Reinhold Messner considered him one of the foremost rock climbers of the 1950s, but to nearly everyone he will be best remembered for making the first ascent of the World's second highest mountain. Lino Lacedelli has passed away peacefully in his home town of Cortina, Italy, aged 83.

Lacedelli began climbing in his early teens and was soon spotted by Luigi 'Bibi' Ghedina, one of the best Dolomite climbers of his generation. The pair would go on to put up many new routes,

In 1946 Lacedelli was accepted into the prestigious Scioattoli - the Cortina Squirrels - founded at the start of the Second World War. He continued to climb hard and make first ascents into the early 1960s.
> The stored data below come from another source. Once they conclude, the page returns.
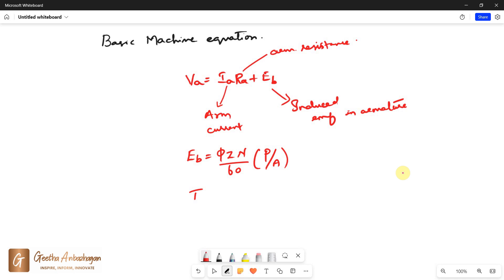Then the torque developed by the armature is given as 1 by 2π Zφ IA times P divided by A.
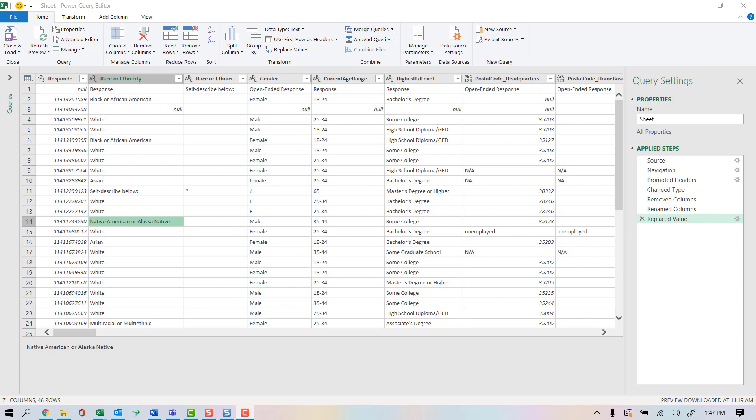Replacing values is a big deal in data cleaning because people that enter records for us will enter all sorts of things. We want to have a consistent measure when we can, so replacing values can give us that.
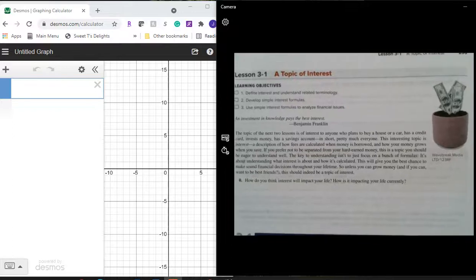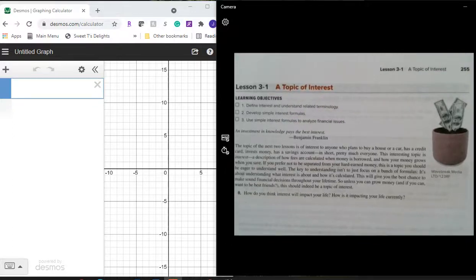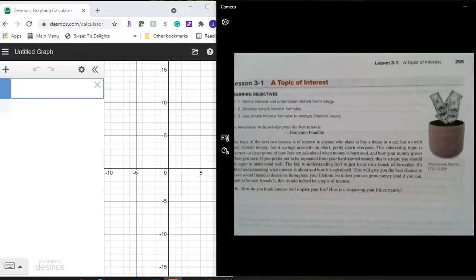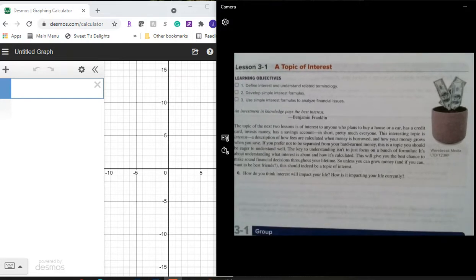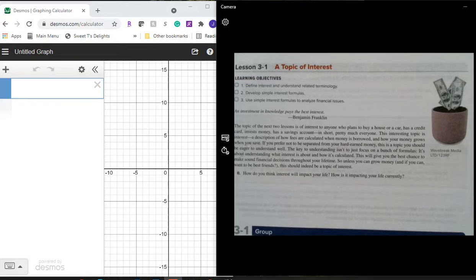Hello class, we're about to start section 3-1, A Topic of Interest, and it's on page 255. Our learning objectives are to define interest and understand related terminology, to develop simple interest formulas, and to use simple interest formulas to analyze financial issues. 'An investment in knowledge pays the best interest.' — Benjamin Franklin.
Ghedina and Lacedelli were noted for their amazingly fast repeat of the now classic Constantini-Apollonio South Face Direct (500m: V+ and A2, now VII+) on the Pilastro di Rozes, the first without a bivouac, and, with Guido Lorenzi, the first ascent of the South West Face of the Cima Scotoni in the Fanis Group. This last route, now free at VIII- though still rarely climbed as such, was for many years considered the hardest in the Dolomites.

The same pair also made the fifth overall but first one-day ascent of the classic Solda Route on the South West Face of the Marmolada di Penia. With Beniamino Franceschi, Lacedelli made the fourth ascent of the Gabriel-Livanos Diedre on the Cima su Alto in a mere eight hours (today, climbed free at VII-, the guidebook time for this 800m route is still 12 hours).

Later in his career, with Lorenzo Lorenzi, Albino 'Strobel' Michielli  and Gualtiero Ghedina, Lacedelli would make the first ascent of the now famous Squirrels Ridge, the outrageously exposed North West Arête of the Cima Ovest di Lavaredo. With Michielli and Claudio Zardini he spent four days climbing the overhanging 400m high South West Face of the Punta Giovannina in the Tofana Group, another huge tour de force that required much aid.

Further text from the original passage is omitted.